*Problem requirements*:
Please retype all of the entries that follow, leaving the images out.
::::
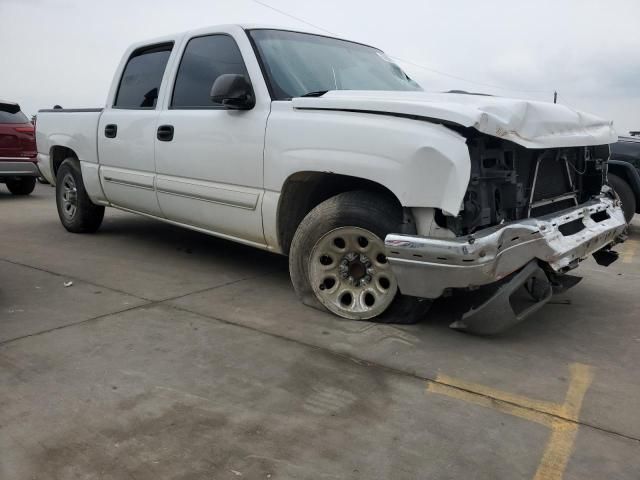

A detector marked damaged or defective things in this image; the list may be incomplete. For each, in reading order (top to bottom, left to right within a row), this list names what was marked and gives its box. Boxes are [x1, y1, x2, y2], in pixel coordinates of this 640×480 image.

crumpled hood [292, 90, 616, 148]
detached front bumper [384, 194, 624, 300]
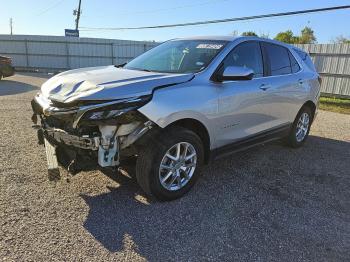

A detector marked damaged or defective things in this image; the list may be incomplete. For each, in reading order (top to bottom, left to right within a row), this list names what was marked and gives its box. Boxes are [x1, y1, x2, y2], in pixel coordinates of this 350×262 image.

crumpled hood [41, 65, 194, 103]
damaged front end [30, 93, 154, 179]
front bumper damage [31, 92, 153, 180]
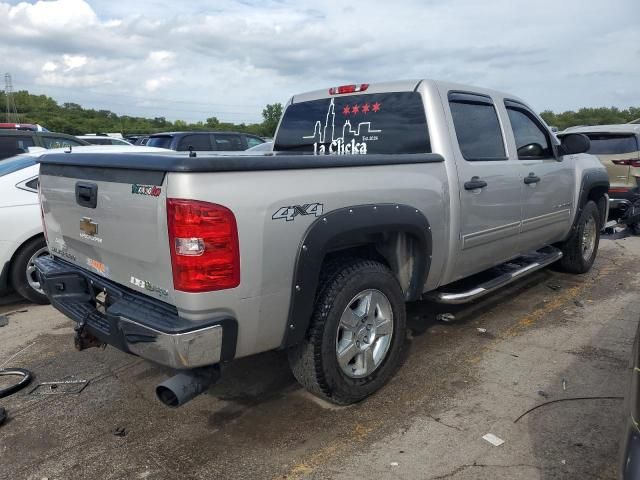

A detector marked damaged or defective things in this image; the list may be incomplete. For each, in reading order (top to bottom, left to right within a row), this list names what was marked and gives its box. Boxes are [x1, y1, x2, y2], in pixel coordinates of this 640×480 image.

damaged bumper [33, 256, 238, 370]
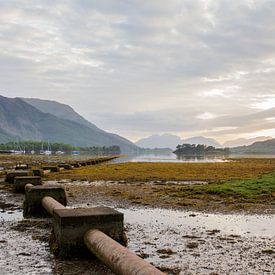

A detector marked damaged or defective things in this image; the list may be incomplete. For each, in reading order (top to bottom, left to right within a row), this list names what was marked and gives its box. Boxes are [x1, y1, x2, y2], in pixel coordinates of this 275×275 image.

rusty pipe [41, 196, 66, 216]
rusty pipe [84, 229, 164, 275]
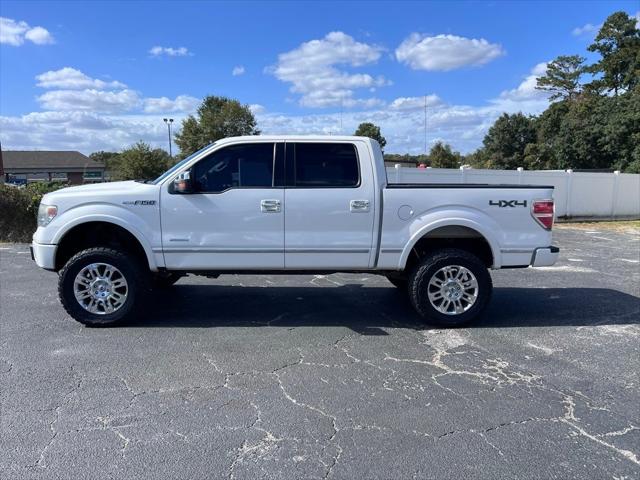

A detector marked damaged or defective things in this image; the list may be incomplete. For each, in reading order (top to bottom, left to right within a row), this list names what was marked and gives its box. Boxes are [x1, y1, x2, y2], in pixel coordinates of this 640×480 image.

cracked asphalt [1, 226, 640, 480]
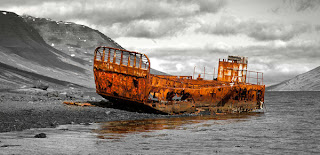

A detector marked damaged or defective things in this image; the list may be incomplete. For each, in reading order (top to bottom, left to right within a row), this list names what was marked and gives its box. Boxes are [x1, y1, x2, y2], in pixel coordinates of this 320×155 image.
::::
*Exercise answer*:
A detector marked damaged or defective things in this image; the list may be incomplete. For each, in reading order (top to bottom, left to right within a row), this list names what was marked and gives its box. Boxes are [x1, y1, x2, y2], in pixel coordinates of this 640×480 image.

crumpled hood [292, 90, 616, 148]
detached front bumper [384, 194, 624, 300]

A detector marked damaged or defective things in this image; the list may be incomplete. For each, in reading order (top to bottom, left to right within a row), this list names what was marked and gives its box. Boxes are [x1, y1, x2, y2], in pixel coordinates of this 350×262 image.

crumpled hood [41, 65, 194, 103]
damaged front end [30, 93, 154, 179]
front bumper damage [31, 92, 153, 180]

A detector marked damaged or defective things in this image; the list may be incomplete. For each, in reading order (top to bottom, left to right within a row), this list names what was marked and gives its box. Boxes are [x1, y1, x2, y2], in pixel coordinates of this 640×480 image.

damaged bumper [33, 256, 238, 370]

A detector marked damaged or defective things in this image; the list may be incomplete. For each, in reading order (top to bottom, left to right within a row), this list names what was marked and gives its box. Boxes are [x1, y1, x2, y2], in pixel coordinates of this 275×275 image.

rusty pipe [41, 196, 66, 216]
rusty pipe [84, 229, 164, 275]

A detector marked damaged or defective things in this image; the list may be incomplete. For each, in reading order (top to bottom, left to right within a row), this list names what was marked and gives its box. Boxes are [x1, y1, x2, y2], in pixel coordinates of this 640×480 image.

cracked asphalt [1, 226, 640, 480]

A detector marked damaged or defective things in this image; the list may be incomplete. For each, in reading order (top to bottom, left to right within a row), this list names what was marked and gives its box. Boxes are [x1, y1, x2, y2], in pixel coordinates of this 320×155 image.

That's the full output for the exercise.